Según fuentes consultadas y documentos oficiales obtenidos por Milenio, se detectaron múltiples anomalías a través de denuncias internas y auditorías federales. Entre las más graves se encuentra el uso indebido de recursos para viajes nacionales e internacionales, incluyendo desplazamientos a Hong Kong, realizados junto a su equipo bajo la representación del Sistema Nacional Anticorrupción, sin contar con la autorización legal correspondiente. Además, se identificó la asignación de sueldos y plazas designadas por él mismo, así como la celebración de convenios que no fueron debidamente notificados.
La Auditoría Superior de la Federación (ASF) también señaló que varios sistemas y subsistemas que deberían integrar la Plataforma Digital Nacional no estaban operativos. Entre ellos, el módulo destinado a la presentación de denuncias públicas por faltas administrativas o actos de corrupción. A pesar de las notificaciones de estas anomalías, la Secretaría Técnica, bajo la dirección de Moreno Herrera, no implementó acciones correctivas, lo que llevó a que la observación se clasificara como no atendida y se solicitara el inicio de procedimientos sancionadores. A un año de la detección de estos problemas, la Plataforma continúa inoperante, a pesar de haberse invertido decenas de millones de pesos en su desarrollo.

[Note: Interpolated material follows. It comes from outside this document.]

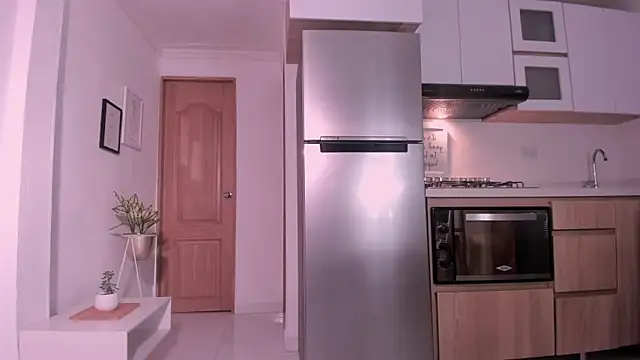 DannaHyde online show from March 14, 2025, 1:27 am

En contraste, Roberto Moreno Herrera negó su destitución, afirmando que continúa desempeñando sus funciones desde su oficina. Esta declaración genera incertidumbre respecto a la situación actual en la dirección del SESNA y plantea interrogantes sobre la transparencia y eficacia en la gestión de los recursos destinados a combatir la corrupción en el país.
Este caso pone de manifiesto la necesidad de reforzar los mecanismos de supervisión y control dentro de las instituciones encargadas de combatir la corrupción, garantizando que los recursos asignados se utilicen de manera adecuada y que los responsables rindan cuentas de sus acciones.